Art and Advertising Make Strange Bedfellows in 'Greatest Movie Ever Sold'
It’s not easy to root for Morgan Spurlock. He laughs too hard at his own jokes. He seems condescending. And he is, at times, a master of the obvious.
Who would have guessed that a steady diet of fatty foods and a strictly observed regimen of zero exercise could result in long-term weight gain? Spurlock turned that novel notion into Super-Size Me (2004) before returning to theaters four years later to ask a question – Where in the World Is Osama bin Laden? – that he didn’t really try to answer.
In Pom Wonderful Presents: The Greatest Movie Ever Sold, the ginger-haired provocateur has pulled off not only at his most intriguing experiment to date, exploring the gamy world of product placement and money in movies, but also his most entertaining documentary. Still, he remains a polarizing figure, coyly worrying that he has turned sellout, and feigning outrage at the not-so-startling idea that his corporate sponsors might want some measure of control over the movie they’re paying for.
Perhaps Peter Berg, who created NBC’s Friday Night Lights after directing the 2004 big-screen version, puts it most succinctly, acknowledging General Electric as his boss before adding, “They don’t give a flying fuck about art.” No surprise there, but if artists jump in bed with advertisers, is it really so infuriating for the money guys to expect some return on their investment?

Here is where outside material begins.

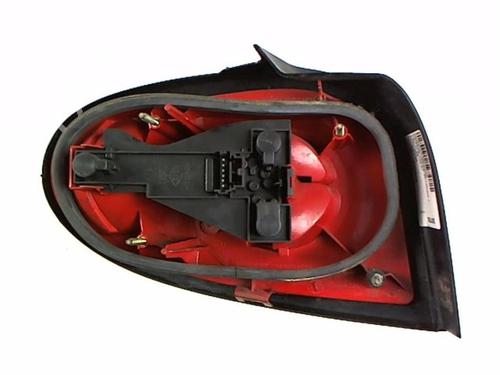 Right taillight RENAULT MEGANE I Coach (DA0/1_) 1.6 e (DA0F) | BP20413817C35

Spurlock, who balks at the elaborate contracts he has to sign before taking cash from corporations including JetBlue, Ban deodorant and, of course, pomegranate juicers Pom Wonderful, seems to think so. As he learns the art of compromise, he feels ownership of his product slipping away. (Cue Charlie Sheen: “Duh! You’re selling it!”) He even seeks advice from longtime consumer advocate Ralph Nader before playfully treating the former presidential hopeful to a plug for Merrell footwear.
For all his supposed anxiety about his integrity, Spurlock is merely being forthright (mostly) about the practice of trading power for money that Hollywood directors have relied on for decades. How else can indie auteurs compete? Can Spurlock inundate the market with enough self-promotion to meet his backers’ demands? And is Pom really wonderful?

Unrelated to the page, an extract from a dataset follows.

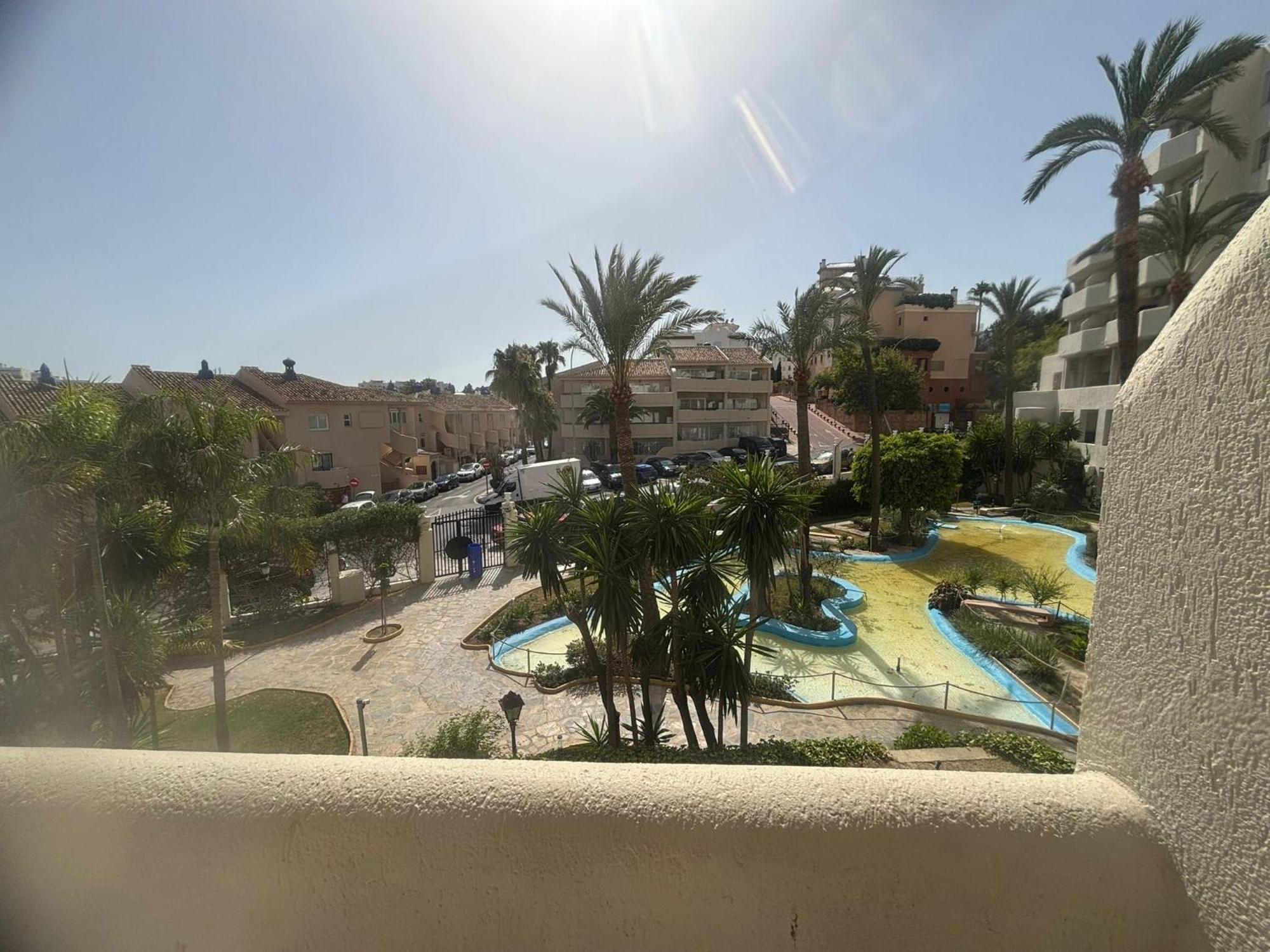 Lejlighed Magic Benalbeach By Benalnova Benalmádena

Spurlock’s conclusion – that advertising permeates our movies as much as it does our lives – isn’t likely to lead the evening news. But in trying to sell advertisers shares of a movie about the realities of product placement, he cleverly frames Greatest Movie as a natural underdog, dismissed by the Volkswagens and Taco Bells of the world, but courted, however cautiously, by smaller players looking to get in the game.
How Spurlock shamelessly intertwines a loose, lightly amusing narrative with the endorsements he promises clients is part of the fun, and he shrewdly uses a small portion of his budget to purchase ad space outside the cash-poor public schools of Florida’s Broward County. It’s an easy cause to get behind, and it adds weight to a movie that seems to exist, at least in the early going, as an excuse for Spurlock to pitch his product using wacky props and meaningless catchphrases.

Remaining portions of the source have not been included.